PROBLEM TO WORK ON: Find the line with "Ranking the Funniest" in the entries below. Repeat it, every following line, and the line with "A New Day Ribbed", exactly and with nothing added.

DATA TO USE:
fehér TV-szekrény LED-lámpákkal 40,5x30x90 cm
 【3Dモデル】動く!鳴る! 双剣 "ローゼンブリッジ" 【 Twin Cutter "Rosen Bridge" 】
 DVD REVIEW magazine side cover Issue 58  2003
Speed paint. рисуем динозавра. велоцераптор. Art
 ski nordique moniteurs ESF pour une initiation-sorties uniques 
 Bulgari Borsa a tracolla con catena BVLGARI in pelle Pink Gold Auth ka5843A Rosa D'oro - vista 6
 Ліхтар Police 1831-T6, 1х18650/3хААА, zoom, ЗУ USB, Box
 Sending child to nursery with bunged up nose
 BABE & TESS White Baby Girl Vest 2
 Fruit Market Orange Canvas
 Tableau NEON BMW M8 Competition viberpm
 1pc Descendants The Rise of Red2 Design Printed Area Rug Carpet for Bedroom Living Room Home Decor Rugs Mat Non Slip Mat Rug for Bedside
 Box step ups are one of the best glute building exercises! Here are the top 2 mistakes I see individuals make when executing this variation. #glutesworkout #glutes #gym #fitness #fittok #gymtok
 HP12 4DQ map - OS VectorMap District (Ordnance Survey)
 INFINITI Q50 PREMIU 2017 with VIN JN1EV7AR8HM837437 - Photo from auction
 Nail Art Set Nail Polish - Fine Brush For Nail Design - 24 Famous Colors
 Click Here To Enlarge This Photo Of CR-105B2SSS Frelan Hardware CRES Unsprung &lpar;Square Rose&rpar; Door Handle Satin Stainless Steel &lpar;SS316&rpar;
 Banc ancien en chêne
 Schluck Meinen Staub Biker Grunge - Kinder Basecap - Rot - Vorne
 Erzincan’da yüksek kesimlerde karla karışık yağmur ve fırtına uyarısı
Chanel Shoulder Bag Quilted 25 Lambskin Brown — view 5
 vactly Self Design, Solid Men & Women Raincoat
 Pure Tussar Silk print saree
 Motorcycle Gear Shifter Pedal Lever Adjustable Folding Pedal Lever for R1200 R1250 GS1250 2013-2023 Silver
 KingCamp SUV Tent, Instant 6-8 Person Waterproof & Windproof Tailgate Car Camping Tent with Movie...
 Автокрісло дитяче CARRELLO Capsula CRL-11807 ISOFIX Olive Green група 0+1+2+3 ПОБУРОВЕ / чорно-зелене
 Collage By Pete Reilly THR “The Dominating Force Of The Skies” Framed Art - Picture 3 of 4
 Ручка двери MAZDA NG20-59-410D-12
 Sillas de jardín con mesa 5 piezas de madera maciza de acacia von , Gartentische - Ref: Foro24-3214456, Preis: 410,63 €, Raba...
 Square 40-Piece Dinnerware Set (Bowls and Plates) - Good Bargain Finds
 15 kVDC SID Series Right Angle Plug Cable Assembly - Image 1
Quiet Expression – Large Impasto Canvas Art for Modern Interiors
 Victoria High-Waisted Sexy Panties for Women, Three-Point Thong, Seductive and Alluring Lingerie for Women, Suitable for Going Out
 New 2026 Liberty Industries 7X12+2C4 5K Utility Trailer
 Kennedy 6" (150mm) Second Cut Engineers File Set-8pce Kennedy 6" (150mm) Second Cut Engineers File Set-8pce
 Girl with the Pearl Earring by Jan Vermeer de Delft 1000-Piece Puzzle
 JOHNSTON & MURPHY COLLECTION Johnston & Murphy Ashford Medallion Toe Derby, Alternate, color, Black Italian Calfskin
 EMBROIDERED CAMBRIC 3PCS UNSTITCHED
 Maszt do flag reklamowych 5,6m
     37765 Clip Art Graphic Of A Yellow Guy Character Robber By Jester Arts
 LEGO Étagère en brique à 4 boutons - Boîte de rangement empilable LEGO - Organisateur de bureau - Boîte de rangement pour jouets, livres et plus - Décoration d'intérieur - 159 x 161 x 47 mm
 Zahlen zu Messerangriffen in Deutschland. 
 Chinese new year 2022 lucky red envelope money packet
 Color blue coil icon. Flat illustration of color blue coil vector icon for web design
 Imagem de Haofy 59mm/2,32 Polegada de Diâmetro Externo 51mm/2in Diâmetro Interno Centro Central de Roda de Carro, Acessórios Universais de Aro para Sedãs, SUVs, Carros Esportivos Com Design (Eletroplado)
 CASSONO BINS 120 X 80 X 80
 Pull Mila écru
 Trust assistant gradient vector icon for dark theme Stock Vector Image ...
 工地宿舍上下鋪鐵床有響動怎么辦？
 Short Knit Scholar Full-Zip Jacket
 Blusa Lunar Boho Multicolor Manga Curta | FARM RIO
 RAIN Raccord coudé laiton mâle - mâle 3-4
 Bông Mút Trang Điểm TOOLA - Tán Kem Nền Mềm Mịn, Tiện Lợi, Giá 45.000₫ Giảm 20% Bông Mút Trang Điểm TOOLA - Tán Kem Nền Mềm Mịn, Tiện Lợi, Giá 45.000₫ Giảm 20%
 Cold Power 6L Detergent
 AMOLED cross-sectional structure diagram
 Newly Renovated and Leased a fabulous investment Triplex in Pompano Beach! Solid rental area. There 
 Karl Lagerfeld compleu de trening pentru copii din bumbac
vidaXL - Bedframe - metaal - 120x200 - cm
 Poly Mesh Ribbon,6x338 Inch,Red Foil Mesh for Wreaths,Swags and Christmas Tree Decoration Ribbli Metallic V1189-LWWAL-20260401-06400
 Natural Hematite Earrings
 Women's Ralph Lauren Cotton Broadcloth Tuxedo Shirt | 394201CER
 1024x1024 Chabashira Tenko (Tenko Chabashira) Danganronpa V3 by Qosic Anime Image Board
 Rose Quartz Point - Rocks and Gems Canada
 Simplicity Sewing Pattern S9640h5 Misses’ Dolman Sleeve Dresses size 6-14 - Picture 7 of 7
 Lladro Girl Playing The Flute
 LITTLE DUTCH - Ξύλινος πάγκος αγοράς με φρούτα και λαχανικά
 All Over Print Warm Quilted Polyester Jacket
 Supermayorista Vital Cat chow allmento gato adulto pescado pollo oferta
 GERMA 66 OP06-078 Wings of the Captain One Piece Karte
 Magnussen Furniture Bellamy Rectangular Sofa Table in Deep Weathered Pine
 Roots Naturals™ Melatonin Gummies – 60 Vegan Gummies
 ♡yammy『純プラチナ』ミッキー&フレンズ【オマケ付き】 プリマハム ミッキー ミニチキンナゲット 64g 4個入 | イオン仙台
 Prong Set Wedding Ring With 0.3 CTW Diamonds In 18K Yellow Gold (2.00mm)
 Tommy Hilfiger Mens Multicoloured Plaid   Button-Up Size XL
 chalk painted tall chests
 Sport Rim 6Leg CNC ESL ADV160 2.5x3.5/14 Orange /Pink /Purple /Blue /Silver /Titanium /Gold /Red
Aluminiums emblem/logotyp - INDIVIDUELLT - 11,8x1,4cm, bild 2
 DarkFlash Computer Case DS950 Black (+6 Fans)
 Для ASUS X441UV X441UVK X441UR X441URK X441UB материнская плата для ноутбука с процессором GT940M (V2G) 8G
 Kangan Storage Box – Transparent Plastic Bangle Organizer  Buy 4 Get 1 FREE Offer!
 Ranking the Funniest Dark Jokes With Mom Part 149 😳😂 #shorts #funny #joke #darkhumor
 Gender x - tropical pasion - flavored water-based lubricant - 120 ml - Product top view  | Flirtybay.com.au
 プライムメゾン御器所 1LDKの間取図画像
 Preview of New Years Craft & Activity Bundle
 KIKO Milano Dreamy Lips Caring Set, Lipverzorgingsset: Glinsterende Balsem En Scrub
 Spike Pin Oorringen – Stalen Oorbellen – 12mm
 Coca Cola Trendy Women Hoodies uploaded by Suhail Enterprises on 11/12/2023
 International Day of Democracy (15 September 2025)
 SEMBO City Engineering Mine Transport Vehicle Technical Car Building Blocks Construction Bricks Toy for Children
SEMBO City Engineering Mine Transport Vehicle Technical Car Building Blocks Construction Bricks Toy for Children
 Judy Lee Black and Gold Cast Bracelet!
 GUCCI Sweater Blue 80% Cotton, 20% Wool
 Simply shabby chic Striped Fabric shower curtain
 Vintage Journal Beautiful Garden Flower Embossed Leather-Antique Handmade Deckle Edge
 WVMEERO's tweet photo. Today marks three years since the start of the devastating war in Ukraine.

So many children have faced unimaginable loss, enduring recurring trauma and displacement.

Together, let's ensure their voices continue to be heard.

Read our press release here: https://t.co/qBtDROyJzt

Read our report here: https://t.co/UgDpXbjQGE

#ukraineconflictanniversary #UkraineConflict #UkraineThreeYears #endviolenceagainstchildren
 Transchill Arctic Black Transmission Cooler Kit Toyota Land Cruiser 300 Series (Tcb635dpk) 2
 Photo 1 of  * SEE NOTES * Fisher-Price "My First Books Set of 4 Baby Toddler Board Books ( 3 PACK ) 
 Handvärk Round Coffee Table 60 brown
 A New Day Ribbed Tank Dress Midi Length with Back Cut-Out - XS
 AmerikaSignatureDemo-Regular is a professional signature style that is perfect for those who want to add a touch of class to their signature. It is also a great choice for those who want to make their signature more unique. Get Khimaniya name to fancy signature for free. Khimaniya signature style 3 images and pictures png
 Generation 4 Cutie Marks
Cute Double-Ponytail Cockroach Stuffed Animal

WRITTEN SOLUTION:
 Ranking the Funniest Dark Jokes With Mom Part 149 😳😂 #shorts #funny #joke #darkhumor
 Gender x - tropical pasion - flavored water-based lubricant - 120 ml - Product top view  | Flirtybay.com.au
 プライムメゾン御器所 1LDKの間取図画像
 Preview of New Years Craft & Activity Bundle
 KIKO Milano Dreamy Lips Caring Set, Lipverzorgingsset: Glinsterende Balsem En Scrub
 Spike Pin Oorringen – Stalen Oorbellen – 12mm
 Coca Cola Trendy Women Hoodies uploaded by Suhail Enterprises on 11/12/2023
 International Day of Democracy (15 September 2025)
 SEMBO City Engineering Mine Transport Vehicle Technical Car Building Blocks Construction Bricks Toy for Children
SEMBO City Engineering Mine Transport Vehicle Technical Car Building Blocks Construction Bricks Toy for Children
 Judy Lee Black and Gold Cast Bracelet!
 GUCCI Sweater Blue 80% Cotton, 20% Wool
 Simply shabby chic Striped Fabric shower curtain
 Vintage Journal Beautiful Garden Flower Embossed Leather-Antique Handmade Deckle Edge
 WVMEERO's tweet photo. Today marks three years since the start of the devastating war in Ukraine.

So many children have faced unimaginable loss, enduring recurring trauma and displacement.

Together, let's ensure their voices continue to be heard.

Read our press release here: https://t.co/qBtDROyJzt

Read our report here: https://t.co/UgDpXbjQGE

#ukraineconflictanniversary #UkraineConflict #UkraineThreeYears #endviolenceagainstchildren
 Transchill Arctic Black Transmission Cooler Kit Toyota Land Cruiser 300 Series (Tcb635dpk) 2
 Photo 1 of  * SEE NOTES * Fisher-Price "My First Books Set of 4 Baby Toddler Board Books ( 3 PACK ) 
 Handvärk Round Coffee Table 60 brown
 A New Day Ribbed Tank Dress Midi Length with Back Cut-Out - XS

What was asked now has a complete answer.